The Bur Dubai I found when I arrived in January 2006, however, was very different. The hotel that had cost $50 a night just eighteen months before—and even less if one paid monthly—was now over $200 a night, and thus out of my budget. I had been unable to secure an apartment from overseas, so Gautam suggested I stay with him and his family until I got on my feet, but he warned me that space would be limited: his family had been evicted from the three-bedroom apartment they had been renting in a prime area of Meena Bazaar, because the building was being turned into studio apartments for executives, and they had recently relocated to a more expensive but much smaller one-bedroom apartment behind the Khaleej Center shopping mall, very close in fact to the hotel where I had been hoping to stay. Gautam's apartment was even smaller than I had expected, less than five hundred square feet. Gautam, his wife, Reshma, and their young son shared the bedroom. The living room had a small mattress where they sat to watch television and eat meals and where I was to sleep during the few weeks I stayed with them. Looking out over the buildings that surrounded Gautam's from the one small window of the living room, I could see laundry strung outside windows, men in lungi lounging on rooftops, and several children running in building parking lots while women clad in saris and salwar kameez supervised them and chatted among themselves. The streets were cleaner than I remembered, and more businesses had opened in the area. There were also fewer empty spaces between buildings and little sign of the commercial sex-work and nightclub scene that had previously flourished around Al Rolla Street. This was now a solidly middle-class South Asian neighborhood, one that left me wondering what had happened to the lower-income people who had occupied it just eighteen months before, and how middle-class people like Gautam and his family were coping with the rising costs of living in this boomtown city.
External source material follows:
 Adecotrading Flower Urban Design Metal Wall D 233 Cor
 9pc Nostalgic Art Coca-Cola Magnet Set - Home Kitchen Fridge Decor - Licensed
While foreign-resident Indians in downtown Dubai were in many ways substantive citizens of the city-state, their existences were becoming increasingly tenuous with Dubai's boom at the beginning of the twenty-first century. Two distinct Dubais were being produced at that time, the two "Creek worlds" I moved between during my research: one was the new "global city" of cosmopolitanism and heritage-for-consumption marked by Dubai's boomtown development projects, like the Madinat Jumeirah and its reproduction of traditional Dubai; the other was the increasingly segregated downtown core of what I call "old Dubai" and the forms of mercantilism and Indian Ocean cosmopolitanism it represented. In this chapter, I explore the physical reorganization of the city into these distinct spaces and delineate my particular "field" and the interlocutors that occupied that field in relation to this shifting geography. The particular elisions built into governmental rhetorics and technologies of Dubai's boom illuminate the lived experiences of belonging and exclusion among the Indian communities of downtown Dubai.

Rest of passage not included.